Modern dönemlerde şahit olduğumuz Kuran esaslı dini yorum, ilahi kitabın farklı dillere çevrilmesiyle birlikte ulemayı paranteze alarak, bireysel dini yorumculuğun önünü açarken tarihin yükünden kurtulmayı hedefledi. Bununla birlikte Hristiyanlıkta ortaya çıkan yenilenme çabaları gibi bir etkiye de yol açmadı bu yaklaşım. Orada kutsal kitabın farklı dillere çevrilmesinin ana meselesi, bireysel yorumun imkanlarını aramak kadar, Kilise'nin otoritesinin dışında dini hayatın imkanlarını zorlamaktı. Bu nedenle kitabın çevrilmesinin siyasi-sosyal bir karşılığı vardı. İslam'da iş böyle değildi: çünkü İslam'ın kilisesi yoktu ve bu nedenle ilahi kitaba yönelmek ve 'ulema' otoritesini aşmak iddiası, hiçbir zaman inandırıcı etki sağlamadı. Kimse kitabı ve onun yorum hakkını elinde tutmuyordu ki? Bununla birlikte Kur'an'a yönelmeyi savunanlar, kiliseye benzer bir 'ulema sınıfı' (!) farz ederek, ilahi kitabı onların elinden kurtarmak, birey ile Allah arasındaki 'aracılara' son vermeyi savundu. Kuran-ı Kerim'e dönme iddiası bu nedenle işin başında tarihsel bir hata hatta tahrifle malul kaldı. Kanaatimce 'Kuran-ı Kerim'e dönmeliyiz' iddiasının en önemli yanılgı noktalarından birisi, selefle ilgili haksız ithamı idi: Müslüman alimler hep Kuran'a dönmüştü; onların ilahi Kitaptan başka öncelikleri yoktu.

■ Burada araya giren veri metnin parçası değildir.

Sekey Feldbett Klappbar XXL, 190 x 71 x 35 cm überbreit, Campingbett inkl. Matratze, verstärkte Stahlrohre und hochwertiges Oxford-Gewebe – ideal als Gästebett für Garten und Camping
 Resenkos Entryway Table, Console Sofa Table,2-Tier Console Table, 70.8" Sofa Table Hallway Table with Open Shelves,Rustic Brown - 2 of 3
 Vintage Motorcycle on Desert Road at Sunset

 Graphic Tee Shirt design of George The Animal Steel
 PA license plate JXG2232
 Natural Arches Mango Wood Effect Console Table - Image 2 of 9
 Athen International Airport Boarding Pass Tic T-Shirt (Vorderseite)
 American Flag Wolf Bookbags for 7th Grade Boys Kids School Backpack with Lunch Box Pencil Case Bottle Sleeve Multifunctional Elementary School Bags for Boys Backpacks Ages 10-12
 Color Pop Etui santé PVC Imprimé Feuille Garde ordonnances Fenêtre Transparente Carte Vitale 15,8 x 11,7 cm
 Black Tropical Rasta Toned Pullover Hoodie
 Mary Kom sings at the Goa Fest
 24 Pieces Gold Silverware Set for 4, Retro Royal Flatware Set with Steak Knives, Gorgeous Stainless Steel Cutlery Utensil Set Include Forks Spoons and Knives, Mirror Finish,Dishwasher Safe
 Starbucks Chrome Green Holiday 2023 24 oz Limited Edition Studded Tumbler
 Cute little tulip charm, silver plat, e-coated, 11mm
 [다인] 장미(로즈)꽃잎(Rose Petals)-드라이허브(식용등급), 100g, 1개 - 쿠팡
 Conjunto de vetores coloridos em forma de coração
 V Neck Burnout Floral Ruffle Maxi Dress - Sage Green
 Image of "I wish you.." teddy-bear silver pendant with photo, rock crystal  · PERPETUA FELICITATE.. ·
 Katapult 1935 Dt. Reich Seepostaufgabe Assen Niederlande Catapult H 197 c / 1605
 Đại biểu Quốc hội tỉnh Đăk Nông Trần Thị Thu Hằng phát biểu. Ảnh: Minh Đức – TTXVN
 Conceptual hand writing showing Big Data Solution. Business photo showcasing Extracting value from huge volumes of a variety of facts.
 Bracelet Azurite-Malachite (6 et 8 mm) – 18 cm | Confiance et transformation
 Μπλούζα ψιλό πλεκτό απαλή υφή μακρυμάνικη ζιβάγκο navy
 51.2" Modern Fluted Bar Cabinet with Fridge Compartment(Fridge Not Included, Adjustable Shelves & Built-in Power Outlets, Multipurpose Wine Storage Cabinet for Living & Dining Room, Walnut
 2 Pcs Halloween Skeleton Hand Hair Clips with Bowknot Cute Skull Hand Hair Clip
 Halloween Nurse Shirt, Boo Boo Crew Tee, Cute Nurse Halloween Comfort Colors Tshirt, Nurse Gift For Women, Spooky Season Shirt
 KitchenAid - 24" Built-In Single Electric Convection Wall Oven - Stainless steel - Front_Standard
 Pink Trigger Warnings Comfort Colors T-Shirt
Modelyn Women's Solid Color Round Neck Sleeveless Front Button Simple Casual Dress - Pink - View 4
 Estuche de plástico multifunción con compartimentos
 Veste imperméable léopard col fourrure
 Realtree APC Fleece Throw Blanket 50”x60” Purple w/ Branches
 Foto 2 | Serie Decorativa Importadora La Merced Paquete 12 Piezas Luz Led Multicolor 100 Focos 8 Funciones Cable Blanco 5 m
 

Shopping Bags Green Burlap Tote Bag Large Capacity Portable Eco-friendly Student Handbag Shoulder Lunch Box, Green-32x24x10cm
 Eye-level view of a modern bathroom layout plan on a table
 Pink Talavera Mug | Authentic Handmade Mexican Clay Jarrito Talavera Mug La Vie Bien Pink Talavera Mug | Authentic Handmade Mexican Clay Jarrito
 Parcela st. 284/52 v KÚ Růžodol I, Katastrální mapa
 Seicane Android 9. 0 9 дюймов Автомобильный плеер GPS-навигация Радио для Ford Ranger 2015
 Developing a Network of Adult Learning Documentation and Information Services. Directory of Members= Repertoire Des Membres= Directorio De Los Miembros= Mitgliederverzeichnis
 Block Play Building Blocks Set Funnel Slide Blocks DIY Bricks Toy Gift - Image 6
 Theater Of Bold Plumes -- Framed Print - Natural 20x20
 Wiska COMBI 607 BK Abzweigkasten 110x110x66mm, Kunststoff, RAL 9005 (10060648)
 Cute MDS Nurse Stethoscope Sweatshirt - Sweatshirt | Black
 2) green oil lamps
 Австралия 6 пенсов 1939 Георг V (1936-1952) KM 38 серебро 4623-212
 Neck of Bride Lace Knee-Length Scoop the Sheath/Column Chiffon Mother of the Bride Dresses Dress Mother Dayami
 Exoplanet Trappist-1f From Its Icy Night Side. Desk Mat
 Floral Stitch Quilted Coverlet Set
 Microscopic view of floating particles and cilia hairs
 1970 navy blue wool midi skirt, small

Öte yandan bu tavır, yöntem açısından ciddi çelişkiyle malul idi. Kuran-ı Kerim'e dönmek hadislerle ilgili bir perspektif geliştirmeyi iktiza ediyordu. Bu yaklaşım derin bir perspektif ortaya koymak yerine sorunu küçümseyerek meseleyi sadece 'sıhhat' sorunu üzerinde odakladı. Hadisin sıhhati hakkında her zaman büyük tartışmalar olageldi. Hadisin sübutu üzerindeki kuşkular, hadis ilminin meselelerini teşkil eder; hadis ilmi bu nedenle vardır. Fakat buradan hareketle 'rivayet'i bilgiye ulaşmada bütünüyle malul saymak gerçekçi ve insaflı bir yol değildi. Her şeyden önce ilahi kitabın bize gelişi bir gelenek dahilinde mümkün olabilirdi. Kitabın okunması, kelimelerin birinci-ikinci anlamları, ayetlerin gelişiyle ilgili zikredilen sebepler, kısaca bağlam: Ortada bir tarih boşluğu yoktu ki o boşluktan geçerek ilahi kitapla 'yalın' ve 'boş bir zihin ile' yüzleşelim. Ne bizimiz zihnimiz boş olabilirdi ne ilahi kitap 'tabula rasa' idi. Bu nedenle bir metin olarak sadece Kuran-ı Kerim'i okumak, mümkün bir iddia değildi. Metin bir tarihe ve zemine gelmiş, o tarih ve zemin her defasında yoruma eşlik ederek varlığını muhafaza ediyordu. Bu itibarla her ciddi okuma teşebbüsü tarih ve gelenek 'yükünü' taşıyacak, görünür ve görünmez etkileriyle okuma faaliyeti gelenekçe şekillendirilecekti. Biz henüz okuma faaliyetine yönelmeden ilahi metni 'okumuş-duymuş' bir zihinsel arka plana sahiptik.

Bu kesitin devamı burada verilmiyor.